Solstad Offshore ASA (“SOFF” or “Solstad”) and REM Offshore ASA (“REM“) have on July 27, 2016 agreed to merge REM with a wholly-owned subsidiary of Solstad (“Merger Sub“) (“the Merger”). REM, the principal shareholders of REM, and SOFF and its principal shareholders, have entered into an agreement that sets out the terms of the merger, Solstad said in a press release.
The Merger will be completed as a statutory triangular merger pursuant to and in accordance with Norwegian law, whereby Merger Sub will be the surviving company. Solstad will create a new class B shares which will have the same economic rights as the ordinary shares in SOFF (to be renamed class A shares), but with 1/10th vote. It is Solstad´s intention that the new class B shares can be an instrument for further consolidation in the industry. As merger consideration, REM´s shareholders will receive new SOFF class B shares, except as provided below.
The Merger will be based on an agreed exchange ratio of 0.0696 SOFF shares per REM share. This is based upon the issue prices in REM and SOFF’s private placements, proposed this June and July, of NOK 0.87 per share and NOK 12.50 per share respectively, corresponding to an agreed exchange ratio of 0.0696 SOFF class B shares per REM share. Åge Remøy and his related companies will, however, receive 6,000,000 SOFF class A shares for the first NOK 75 million REM shares subscribed by them in REM’s NOK 150 million directed share issue, which will be carried out as proposed before the Merger. It is a condition from Åge Remøy´s side that his current controlling position in REM is carried over into a significant voting interest in Solstad after the Merger, which will be effected by his entitlement to get half of the consideration shares attributable to the directed share issue in REM in the form of SOFF class A shares. The principal shareholders of Solstad have agreed to this and look forward to having Åge Remøy as a key industrial shareholder. His principal holding company will also nominate a member to the board of directors of Solstad upon effectiveness of the Merger.

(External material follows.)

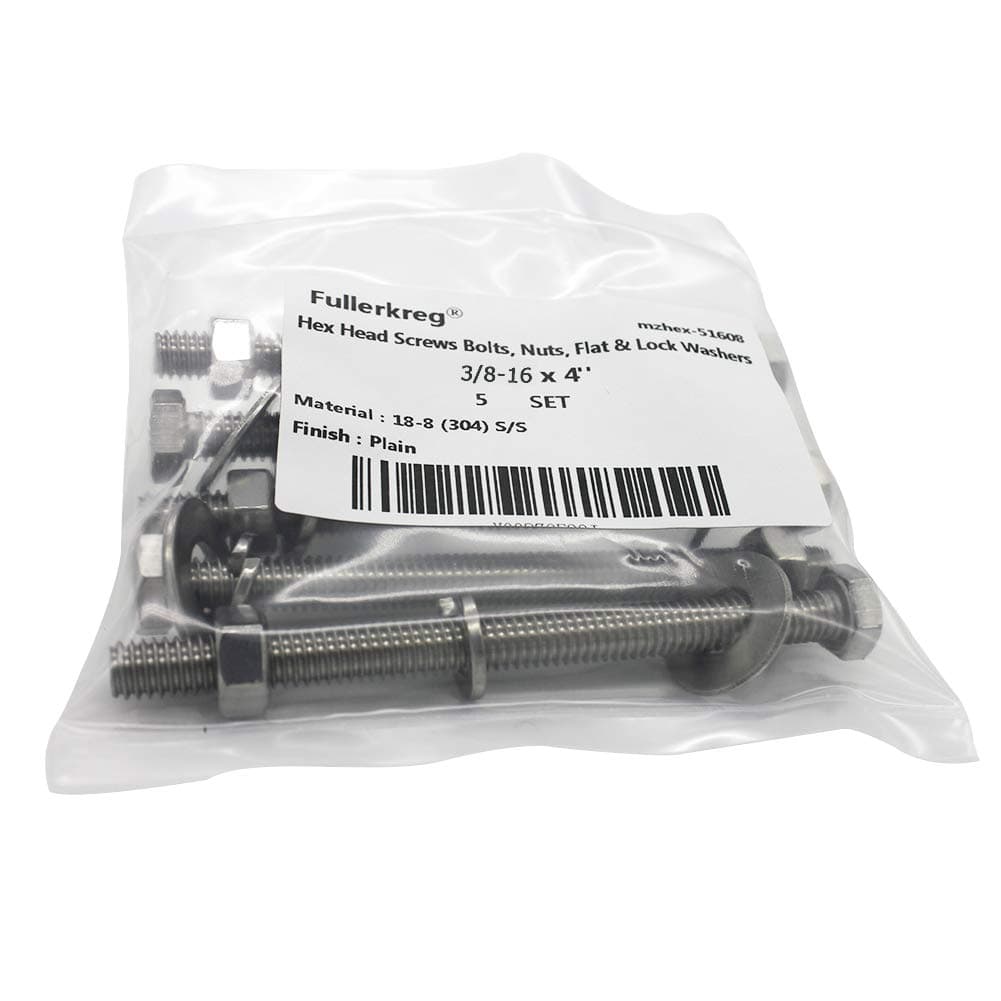 Fullerkreg 3/8 Stainless Steel Hex Head Screws Bolts, Nuts, Flat & Lock Washers (4 Sets) 3/8x4"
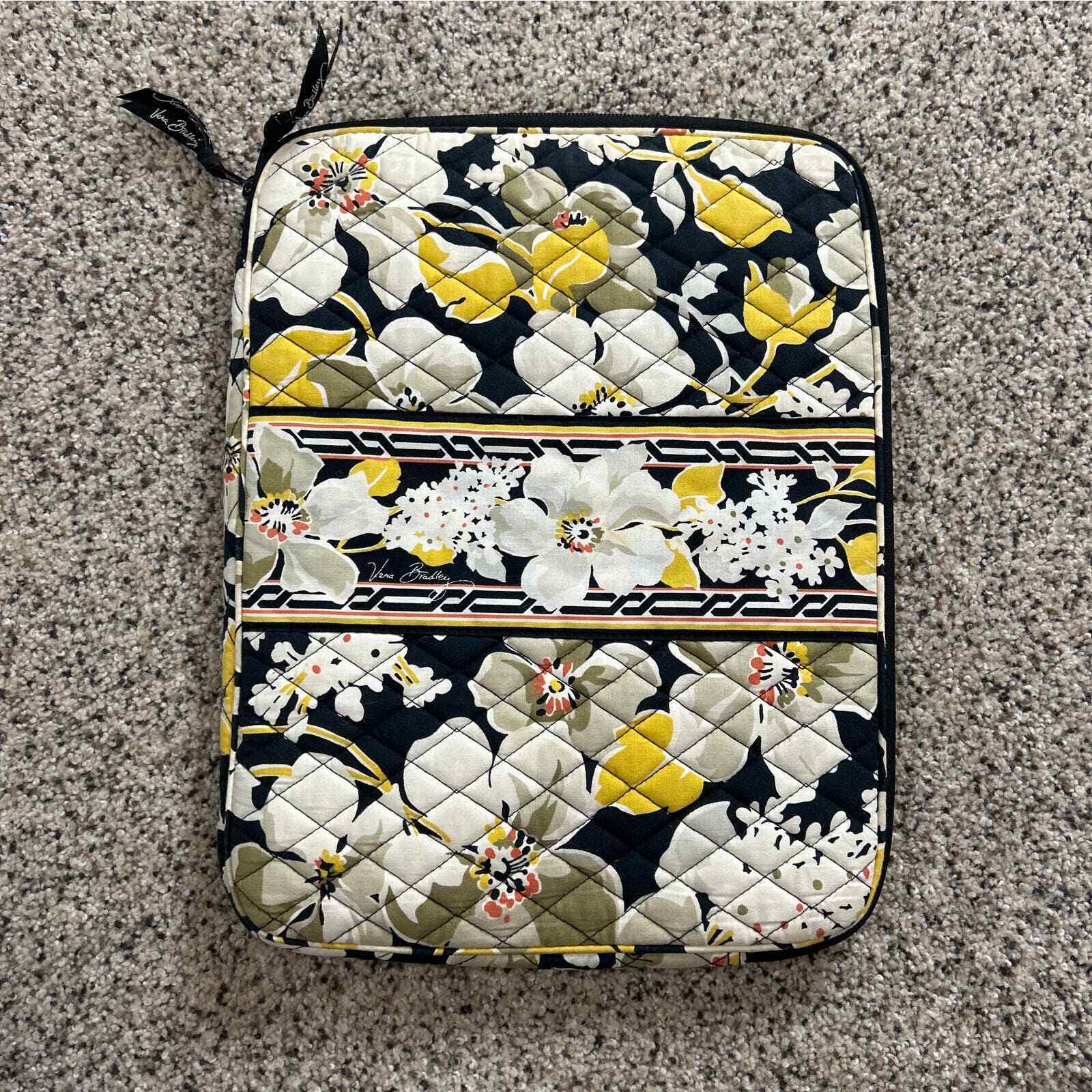 Vera Bradley E-Reader Sleeve Tablet Case Black Yellow Floral Quilted 14.5\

REM and Solstad are Norwegian offshore service vessel companies that combined will operate a total of 62 vessels. After the Merger, Solstad will retain its Skudeneshavn head office, from which the combined fleet of CSV vessels will be operated. The combined fleet of PSV vessels will be operated from the current REM head office in Fosnavåg.
The formal plan of merger is expected to be published shortly after REM and SOFF have released their interim financial statements as of and for the six-month period ended June 30, 2016 in late August. Extraordinary shareholders´ meetings in REM and SOFF are expected to be held on or around October 1, 2016, with the Merger becoming effective on or around December 1, 2016.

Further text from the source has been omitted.